Required action: Find the line containing "molecular formula C14H14N2O3" in the entries below. Restate it and each line after it, word for word, up to and including the line containing "Памет за лаптоп".

Input data:
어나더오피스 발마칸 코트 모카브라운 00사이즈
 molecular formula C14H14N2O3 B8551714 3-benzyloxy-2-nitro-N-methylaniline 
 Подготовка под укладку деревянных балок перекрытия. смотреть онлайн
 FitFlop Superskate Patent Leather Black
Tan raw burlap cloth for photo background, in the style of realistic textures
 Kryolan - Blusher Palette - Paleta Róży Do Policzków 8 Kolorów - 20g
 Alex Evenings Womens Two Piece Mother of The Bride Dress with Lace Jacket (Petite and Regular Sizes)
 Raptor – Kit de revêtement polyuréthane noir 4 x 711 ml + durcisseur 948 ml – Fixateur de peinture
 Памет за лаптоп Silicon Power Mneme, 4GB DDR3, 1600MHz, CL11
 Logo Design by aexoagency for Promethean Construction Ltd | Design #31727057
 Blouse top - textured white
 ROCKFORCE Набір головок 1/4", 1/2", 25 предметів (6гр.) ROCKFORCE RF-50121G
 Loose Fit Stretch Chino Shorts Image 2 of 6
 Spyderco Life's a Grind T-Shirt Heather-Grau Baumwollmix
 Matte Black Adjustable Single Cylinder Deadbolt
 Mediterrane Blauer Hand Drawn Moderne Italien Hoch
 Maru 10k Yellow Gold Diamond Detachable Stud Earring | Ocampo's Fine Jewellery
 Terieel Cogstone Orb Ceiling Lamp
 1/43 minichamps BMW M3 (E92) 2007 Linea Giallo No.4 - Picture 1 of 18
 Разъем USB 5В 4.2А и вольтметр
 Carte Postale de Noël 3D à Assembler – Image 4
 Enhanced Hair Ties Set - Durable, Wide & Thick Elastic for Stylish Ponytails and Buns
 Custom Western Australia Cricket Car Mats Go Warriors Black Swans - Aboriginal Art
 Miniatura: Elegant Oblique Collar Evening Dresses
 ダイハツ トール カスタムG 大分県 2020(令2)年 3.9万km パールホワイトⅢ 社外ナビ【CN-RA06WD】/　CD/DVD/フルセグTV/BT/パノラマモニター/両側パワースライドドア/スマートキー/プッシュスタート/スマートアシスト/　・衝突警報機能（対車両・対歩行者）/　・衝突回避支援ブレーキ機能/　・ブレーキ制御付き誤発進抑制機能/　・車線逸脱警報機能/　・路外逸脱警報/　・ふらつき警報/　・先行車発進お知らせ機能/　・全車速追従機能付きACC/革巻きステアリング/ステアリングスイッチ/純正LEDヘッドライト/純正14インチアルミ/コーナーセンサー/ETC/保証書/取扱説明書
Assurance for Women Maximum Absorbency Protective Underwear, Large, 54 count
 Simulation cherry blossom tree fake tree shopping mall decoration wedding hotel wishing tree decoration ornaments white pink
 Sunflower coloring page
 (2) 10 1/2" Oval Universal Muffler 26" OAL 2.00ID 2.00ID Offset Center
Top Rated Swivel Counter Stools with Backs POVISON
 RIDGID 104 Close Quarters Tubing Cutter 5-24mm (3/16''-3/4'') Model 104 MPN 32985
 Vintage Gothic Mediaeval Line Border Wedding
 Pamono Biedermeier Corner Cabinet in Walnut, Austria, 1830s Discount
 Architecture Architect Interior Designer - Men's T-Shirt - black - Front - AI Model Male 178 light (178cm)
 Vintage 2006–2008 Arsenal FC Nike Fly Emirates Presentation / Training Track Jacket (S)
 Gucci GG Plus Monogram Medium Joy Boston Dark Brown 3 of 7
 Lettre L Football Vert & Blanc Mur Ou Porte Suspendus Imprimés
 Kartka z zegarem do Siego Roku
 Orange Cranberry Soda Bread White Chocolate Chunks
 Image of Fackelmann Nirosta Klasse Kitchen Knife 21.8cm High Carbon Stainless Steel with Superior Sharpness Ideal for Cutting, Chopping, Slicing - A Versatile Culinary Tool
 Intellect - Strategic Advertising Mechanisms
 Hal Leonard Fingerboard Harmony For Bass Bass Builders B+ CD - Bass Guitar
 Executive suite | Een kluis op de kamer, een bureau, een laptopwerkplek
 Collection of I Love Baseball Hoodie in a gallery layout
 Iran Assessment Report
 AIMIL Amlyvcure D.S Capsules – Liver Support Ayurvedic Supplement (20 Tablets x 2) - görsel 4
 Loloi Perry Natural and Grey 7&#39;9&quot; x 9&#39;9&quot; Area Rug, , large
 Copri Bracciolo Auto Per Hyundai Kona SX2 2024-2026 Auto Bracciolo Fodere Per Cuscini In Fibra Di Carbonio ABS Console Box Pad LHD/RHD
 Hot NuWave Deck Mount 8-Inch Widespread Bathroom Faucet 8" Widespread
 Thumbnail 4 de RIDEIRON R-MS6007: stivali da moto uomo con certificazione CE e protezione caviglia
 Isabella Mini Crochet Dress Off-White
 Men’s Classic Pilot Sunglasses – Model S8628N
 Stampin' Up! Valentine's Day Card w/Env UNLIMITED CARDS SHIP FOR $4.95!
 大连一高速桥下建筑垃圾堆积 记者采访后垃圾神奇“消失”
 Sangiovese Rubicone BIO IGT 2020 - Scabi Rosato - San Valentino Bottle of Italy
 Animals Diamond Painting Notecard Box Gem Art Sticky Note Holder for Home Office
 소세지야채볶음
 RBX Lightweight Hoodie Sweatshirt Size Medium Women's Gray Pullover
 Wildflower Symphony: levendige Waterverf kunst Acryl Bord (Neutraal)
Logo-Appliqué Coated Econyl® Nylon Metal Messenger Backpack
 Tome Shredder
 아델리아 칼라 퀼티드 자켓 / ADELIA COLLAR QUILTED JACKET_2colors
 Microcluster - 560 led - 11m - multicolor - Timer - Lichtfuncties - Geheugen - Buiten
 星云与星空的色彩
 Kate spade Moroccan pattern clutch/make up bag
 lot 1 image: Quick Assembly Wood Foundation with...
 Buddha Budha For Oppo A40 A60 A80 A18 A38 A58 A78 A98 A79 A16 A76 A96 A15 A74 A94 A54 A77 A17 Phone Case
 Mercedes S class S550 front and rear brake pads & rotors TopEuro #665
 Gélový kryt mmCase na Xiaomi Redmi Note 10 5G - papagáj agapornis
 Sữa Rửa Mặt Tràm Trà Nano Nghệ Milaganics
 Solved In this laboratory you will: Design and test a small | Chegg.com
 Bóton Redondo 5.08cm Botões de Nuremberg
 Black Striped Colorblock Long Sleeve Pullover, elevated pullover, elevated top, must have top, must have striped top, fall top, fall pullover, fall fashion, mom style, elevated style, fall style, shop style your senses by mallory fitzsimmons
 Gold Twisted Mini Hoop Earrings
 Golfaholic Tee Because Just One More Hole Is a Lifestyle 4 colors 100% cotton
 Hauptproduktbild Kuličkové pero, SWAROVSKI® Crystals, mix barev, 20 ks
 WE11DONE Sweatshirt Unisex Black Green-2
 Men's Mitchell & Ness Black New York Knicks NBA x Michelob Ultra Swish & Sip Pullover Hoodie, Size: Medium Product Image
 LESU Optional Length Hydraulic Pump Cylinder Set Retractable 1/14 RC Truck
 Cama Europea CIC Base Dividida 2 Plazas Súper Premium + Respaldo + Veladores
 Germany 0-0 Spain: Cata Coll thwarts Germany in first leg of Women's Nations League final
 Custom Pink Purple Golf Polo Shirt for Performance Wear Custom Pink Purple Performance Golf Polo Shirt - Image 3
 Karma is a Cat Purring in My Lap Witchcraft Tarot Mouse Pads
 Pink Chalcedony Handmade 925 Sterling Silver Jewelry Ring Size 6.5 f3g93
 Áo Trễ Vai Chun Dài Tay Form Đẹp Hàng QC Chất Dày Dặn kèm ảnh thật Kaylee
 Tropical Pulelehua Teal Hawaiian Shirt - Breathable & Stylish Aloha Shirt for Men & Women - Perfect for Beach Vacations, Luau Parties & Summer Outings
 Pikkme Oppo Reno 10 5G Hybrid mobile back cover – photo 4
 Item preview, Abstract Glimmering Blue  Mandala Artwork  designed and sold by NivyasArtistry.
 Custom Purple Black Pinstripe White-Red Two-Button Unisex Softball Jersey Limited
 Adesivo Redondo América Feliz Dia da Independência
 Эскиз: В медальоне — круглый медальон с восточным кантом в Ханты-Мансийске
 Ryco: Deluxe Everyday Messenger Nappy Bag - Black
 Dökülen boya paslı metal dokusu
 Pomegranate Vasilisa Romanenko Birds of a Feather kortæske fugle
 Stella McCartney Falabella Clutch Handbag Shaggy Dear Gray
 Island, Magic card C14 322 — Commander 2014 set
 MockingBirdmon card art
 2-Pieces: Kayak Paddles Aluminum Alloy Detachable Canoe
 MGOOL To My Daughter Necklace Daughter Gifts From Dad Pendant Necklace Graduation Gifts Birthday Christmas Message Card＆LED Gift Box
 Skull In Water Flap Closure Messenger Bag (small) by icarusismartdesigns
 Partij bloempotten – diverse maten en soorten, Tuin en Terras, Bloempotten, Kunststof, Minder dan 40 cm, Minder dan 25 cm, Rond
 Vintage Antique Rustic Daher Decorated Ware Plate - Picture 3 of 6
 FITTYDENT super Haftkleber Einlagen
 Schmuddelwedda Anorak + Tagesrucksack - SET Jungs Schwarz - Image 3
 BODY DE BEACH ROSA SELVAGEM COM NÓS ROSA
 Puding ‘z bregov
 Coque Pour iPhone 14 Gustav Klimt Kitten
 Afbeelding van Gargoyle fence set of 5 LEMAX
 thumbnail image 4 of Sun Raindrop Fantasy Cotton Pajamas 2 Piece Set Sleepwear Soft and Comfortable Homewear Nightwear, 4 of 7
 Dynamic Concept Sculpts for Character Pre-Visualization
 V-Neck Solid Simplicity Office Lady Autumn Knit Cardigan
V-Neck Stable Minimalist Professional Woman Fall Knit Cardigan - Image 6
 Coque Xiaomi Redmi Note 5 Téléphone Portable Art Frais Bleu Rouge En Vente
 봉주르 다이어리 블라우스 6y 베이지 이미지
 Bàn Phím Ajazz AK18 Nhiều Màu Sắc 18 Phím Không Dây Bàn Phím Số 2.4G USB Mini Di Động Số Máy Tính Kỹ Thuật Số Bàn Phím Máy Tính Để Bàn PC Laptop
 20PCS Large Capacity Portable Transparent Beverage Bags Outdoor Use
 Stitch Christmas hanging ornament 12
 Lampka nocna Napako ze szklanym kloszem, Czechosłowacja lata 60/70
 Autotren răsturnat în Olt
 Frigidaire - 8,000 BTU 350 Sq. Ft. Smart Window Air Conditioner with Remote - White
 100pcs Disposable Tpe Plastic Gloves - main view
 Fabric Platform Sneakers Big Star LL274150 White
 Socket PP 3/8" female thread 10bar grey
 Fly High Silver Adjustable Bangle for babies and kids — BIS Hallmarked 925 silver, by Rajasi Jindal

Your response:
 molecular formula C14H14N2O3 B8551714 3-benzyloxy-2-nitro-N-methylaniline 
 Подготовка под укладку деревянных балок перекрытия. смотреть онлайн
 FitFlop Superskate Patent Leather Black
Tan raw burlap cloth for photo background, in the style of realistic textures
 Kryolan - Blusher Palette - Paleta Róży Do Policzków 8 Kolorów - 20g
 Alex Evenings Womens Two Piece Mother of The Bride Dress with Lace Jacket (Petite and Regular Sizes)
 Raptor – Kit de revêtement polyuréthane noir 4 x 711 ml + durcisseur 948 ml – Fixateur de peinture
 Памет за лаптоп Silicon Power Mneme, 4GB DDR3, 1600MHz, CL11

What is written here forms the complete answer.